Dr. Respler, we do not set standards of perfection for our children. All we ask is that they do their best. However, she seems to need to prove she is the best. She basks in praise, and that is something we do give very enthusiastically. In addition to verbal praise, I sometimes give little prizes and, whenever one of our children is very good, we make it a point to call the grandparents in front of that child and let them know as well.


This child will frequently come over and ask, “Who is behaving the best?” and “Who ate lunch the best?” She seems to always need to hear that she is absolutely the greatest. I always praise her when she asks such questions – in a way that tones down the competition.

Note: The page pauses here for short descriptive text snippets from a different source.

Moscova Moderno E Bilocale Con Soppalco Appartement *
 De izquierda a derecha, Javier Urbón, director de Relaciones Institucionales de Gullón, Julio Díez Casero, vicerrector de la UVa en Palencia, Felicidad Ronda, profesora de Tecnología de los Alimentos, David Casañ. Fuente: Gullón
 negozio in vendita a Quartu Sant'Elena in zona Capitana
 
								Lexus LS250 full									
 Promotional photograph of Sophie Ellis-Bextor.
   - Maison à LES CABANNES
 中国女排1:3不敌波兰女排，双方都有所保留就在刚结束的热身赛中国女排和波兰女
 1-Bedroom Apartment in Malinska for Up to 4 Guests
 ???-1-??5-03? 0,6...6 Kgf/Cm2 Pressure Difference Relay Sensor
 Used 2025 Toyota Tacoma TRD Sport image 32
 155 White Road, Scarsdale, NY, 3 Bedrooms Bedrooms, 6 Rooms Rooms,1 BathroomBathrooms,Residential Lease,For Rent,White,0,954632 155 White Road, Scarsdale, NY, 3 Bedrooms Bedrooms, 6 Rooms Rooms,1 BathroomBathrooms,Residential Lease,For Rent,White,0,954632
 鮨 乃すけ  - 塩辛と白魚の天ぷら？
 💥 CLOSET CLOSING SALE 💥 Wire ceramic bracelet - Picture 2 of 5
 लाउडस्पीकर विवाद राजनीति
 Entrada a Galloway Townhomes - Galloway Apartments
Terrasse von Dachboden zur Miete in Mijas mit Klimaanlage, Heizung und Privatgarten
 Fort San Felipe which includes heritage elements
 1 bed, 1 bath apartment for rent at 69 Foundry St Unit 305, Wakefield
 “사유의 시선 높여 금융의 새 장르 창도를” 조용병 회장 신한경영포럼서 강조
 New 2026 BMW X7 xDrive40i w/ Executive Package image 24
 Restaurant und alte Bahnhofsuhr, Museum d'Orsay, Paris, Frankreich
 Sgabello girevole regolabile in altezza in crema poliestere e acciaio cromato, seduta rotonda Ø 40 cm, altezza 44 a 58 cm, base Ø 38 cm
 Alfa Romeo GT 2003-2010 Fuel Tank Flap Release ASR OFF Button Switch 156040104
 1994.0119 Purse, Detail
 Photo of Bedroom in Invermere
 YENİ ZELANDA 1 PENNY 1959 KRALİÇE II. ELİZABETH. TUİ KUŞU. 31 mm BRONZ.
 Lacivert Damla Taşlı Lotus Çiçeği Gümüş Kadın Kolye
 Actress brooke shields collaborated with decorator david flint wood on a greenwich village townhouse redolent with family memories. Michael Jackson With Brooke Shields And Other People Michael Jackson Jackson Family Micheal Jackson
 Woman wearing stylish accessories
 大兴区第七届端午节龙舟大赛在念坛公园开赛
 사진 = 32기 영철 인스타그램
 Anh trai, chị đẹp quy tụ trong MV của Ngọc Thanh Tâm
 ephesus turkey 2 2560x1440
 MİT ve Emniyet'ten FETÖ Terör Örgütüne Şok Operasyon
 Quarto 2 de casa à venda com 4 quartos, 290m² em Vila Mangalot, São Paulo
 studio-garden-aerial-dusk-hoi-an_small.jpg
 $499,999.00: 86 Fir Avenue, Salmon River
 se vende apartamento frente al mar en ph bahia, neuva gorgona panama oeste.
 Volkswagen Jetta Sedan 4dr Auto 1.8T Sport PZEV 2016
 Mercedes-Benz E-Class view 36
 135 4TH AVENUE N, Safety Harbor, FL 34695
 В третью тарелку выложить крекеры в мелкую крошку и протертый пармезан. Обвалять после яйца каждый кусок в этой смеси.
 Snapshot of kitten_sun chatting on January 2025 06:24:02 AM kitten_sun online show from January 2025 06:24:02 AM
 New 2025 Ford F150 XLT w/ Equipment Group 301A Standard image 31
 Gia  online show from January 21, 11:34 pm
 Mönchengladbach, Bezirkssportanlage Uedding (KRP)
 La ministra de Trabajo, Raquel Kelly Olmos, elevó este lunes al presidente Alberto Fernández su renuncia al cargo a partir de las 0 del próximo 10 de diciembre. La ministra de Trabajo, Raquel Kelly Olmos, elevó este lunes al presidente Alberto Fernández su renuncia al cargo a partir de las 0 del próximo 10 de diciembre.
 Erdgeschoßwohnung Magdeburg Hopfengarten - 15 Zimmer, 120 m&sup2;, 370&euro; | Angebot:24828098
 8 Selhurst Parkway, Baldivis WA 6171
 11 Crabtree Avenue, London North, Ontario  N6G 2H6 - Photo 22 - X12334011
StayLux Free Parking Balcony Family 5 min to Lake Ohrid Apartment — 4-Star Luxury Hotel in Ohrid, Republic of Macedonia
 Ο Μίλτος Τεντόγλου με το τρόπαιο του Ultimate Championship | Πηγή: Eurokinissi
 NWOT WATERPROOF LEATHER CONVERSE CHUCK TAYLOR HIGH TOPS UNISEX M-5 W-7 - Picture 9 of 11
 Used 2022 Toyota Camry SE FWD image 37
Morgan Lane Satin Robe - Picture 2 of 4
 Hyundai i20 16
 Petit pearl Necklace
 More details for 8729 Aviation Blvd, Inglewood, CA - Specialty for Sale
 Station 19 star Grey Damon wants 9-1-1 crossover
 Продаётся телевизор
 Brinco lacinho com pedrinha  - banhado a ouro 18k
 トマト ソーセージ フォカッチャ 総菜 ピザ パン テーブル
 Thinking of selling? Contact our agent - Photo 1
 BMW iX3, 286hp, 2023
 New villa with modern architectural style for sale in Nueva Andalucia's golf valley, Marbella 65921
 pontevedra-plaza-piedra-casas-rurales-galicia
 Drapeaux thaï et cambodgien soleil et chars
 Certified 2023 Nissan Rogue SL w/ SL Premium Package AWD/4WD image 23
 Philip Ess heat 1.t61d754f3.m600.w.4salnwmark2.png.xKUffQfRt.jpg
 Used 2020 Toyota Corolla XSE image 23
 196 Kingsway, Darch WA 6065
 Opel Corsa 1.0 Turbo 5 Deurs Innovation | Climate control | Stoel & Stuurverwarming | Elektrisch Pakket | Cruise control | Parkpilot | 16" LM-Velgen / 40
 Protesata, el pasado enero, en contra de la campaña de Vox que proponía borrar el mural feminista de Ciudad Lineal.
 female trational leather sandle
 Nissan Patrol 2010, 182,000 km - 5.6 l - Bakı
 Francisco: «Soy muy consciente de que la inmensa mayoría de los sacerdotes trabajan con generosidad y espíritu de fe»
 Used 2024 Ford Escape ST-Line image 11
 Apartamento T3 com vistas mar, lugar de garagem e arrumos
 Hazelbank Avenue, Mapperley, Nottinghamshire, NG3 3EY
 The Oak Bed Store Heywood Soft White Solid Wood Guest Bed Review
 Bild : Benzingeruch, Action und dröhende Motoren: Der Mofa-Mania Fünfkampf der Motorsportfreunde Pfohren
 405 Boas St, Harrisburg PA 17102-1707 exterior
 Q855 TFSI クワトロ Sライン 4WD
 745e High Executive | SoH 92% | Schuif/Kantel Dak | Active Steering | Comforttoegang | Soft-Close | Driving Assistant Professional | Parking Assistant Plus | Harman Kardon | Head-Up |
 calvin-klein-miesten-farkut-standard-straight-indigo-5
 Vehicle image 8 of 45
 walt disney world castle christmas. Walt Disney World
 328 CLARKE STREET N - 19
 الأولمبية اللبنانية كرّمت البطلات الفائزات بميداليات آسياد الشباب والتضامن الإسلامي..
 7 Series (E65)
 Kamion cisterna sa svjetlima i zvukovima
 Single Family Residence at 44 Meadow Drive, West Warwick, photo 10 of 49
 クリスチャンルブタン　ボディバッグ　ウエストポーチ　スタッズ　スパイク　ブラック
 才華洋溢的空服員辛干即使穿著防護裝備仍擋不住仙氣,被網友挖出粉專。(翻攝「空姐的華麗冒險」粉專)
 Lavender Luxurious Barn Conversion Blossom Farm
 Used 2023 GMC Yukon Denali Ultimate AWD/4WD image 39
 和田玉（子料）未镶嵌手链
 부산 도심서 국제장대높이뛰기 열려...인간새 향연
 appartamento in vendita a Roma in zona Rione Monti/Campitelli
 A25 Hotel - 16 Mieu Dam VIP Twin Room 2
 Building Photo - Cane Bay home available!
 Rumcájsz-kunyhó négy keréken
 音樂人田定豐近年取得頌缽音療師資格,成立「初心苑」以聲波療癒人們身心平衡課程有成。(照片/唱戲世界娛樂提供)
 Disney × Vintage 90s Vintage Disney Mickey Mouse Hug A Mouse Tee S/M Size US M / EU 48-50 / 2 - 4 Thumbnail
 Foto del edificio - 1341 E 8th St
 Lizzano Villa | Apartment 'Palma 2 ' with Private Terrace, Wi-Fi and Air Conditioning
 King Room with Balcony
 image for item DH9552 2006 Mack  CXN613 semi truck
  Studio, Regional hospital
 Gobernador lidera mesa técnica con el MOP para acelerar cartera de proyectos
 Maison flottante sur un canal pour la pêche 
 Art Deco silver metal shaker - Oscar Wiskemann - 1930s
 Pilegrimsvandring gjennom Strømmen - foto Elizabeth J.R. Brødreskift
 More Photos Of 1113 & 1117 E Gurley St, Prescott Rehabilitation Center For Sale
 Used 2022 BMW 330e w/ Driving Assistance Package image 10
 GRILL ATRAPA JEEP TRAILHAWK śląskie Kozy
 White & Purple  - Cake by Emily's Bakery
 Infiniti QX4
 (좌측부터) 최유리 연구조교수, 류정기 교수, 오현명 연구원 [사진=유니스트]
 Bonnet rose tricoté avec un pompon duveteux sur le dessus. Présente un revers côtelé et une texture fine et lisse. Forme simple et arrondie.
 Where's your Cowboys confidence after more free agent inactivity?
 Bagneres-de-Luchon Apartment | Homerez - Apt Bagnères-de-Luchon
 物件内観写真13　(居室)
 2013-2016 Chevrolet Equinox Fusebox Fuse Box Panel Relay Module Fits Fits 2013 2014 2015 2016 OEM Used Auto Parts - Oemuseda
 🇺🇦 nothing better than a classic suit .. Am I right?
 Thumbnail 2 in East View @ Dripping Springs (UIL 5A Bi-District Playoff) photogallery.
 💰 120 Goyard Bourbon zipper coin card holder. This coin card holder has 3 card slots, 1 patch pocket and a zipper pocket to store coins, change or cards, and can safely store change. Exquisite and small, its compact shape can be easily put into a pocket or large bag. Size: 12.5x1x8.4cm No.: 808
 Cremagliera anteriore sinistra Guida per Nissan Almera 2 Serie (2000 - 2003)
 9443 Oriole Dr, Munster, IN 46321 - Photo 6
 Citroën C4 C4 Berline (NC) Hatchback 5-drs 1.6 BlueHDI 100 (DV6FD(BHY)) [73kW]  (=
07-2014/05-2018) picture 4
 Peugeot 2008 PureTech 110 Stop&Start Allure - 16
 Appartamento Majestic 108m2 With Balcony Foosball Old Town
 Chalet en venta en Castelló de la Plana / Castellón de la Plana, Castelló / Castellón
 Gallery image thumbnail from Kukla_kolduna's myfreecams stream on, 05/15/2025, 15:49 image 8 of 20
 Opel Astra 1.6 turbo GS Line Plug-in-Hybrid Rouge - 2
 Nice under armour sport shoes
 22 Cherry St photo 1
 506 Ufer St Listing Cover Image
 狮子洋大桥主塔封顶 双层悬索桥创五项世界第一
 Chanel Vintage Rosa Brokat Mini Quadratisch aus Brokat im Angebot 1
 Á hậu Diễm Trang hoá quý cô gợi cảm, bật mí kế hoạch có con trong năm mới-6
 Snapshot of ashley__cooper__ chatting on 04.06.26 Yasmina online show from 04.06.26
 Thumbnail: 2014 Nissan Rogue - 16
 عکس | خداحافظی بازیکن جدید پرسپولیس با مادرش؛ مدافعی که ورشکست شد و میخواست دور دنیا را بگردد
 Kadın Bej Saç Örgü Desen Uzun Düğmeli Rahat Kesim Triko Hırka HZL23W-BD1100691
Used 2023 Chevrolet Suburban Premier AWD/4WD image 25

For example, I would say, “You behaved very nicely for the past hour and before that Rivka behaved nicely,” or “Rivka ate her sandwich the best and you ate your salad the best.” I am not quite sure why she needs this constant reassurance that she is better than the rest.

In addition, she is not flexible and feels that she must always have her way. If she does not get what she wants, there is a terrible backlash. She calls her siblings “mean” and often makes them cry. If I tell her something she does not like, she glares at me insolently and angrily. She shrieks if she feels that we are not taking her side, and she never wants to acknowledge when she is wrong. She is not bossy in school, but at home, she does try to assert her will over her siblings; if they don’t play exactly what or how she wants to play, she just won’t play, and she will loudly insult all those who won’t listen to her. She is also very sensitive, but not necessarily to others. She needs absolute love and acceptance. She has some friends in school, but I don’t feel that their relationships are meaningful or deep. She wants them to be, but I think that her strong, and many times her inflexible nature won’t allow that to happen.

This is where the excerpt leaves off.